■ Supplied information:

------------------------------

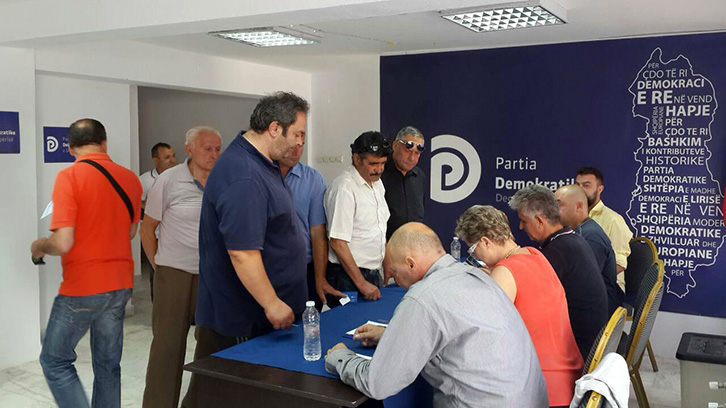 SHIFRAT/ Zgjedhjet për kryetarin e PD, ja sa demokratë kanë votuar deri në orën 16.30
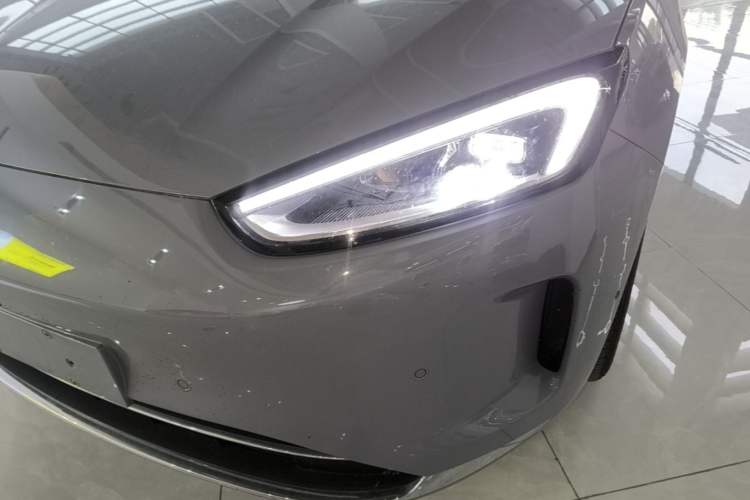 Used Hima AITO M5 2025 Extended-Range Ultra All-Wheel-Drive Version Left Front Headlight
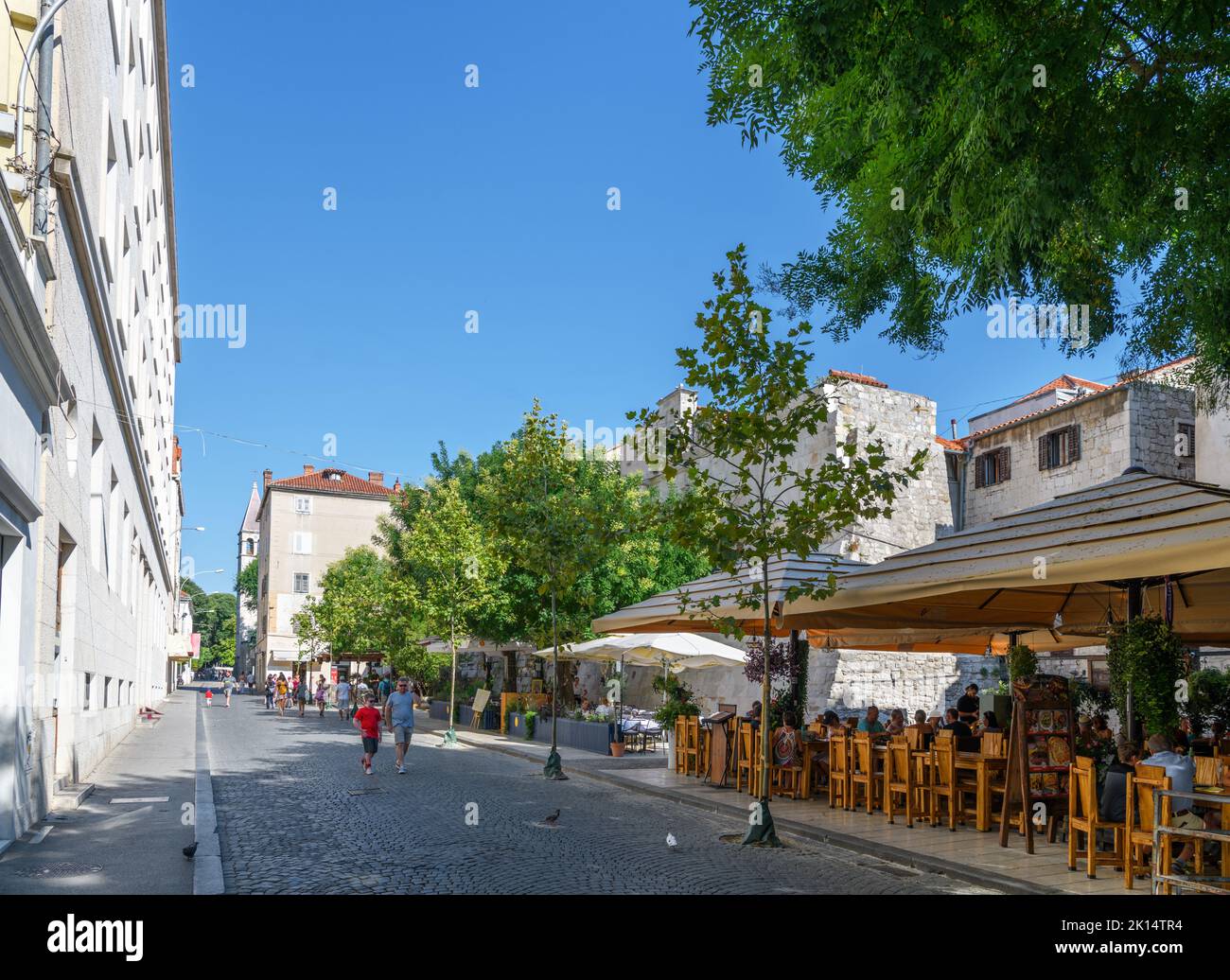 Café und Bar auf der Ulica Kralja Tomislava, einer Straße in der Altstadt von Split, Kroatien Stockfoto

------------------------------

■ Your goal: Copy out all the data exactly. The images should not appear in the copy.

■ Solution to this problem:
 SHIFRAT/ Zgjedhjet për kryetarin e PD, ja sa demokratë kanë votuar deri në orën 16.30
 Used Hima AITO M5 2025 Extended-Range Ultra All-Wheel-Drive Version Left Front Headlight
 Café und Bar auf der Ulica Kralja Tomislava, einer Straße in der Altstadt von Split, Kroatien Stockfoto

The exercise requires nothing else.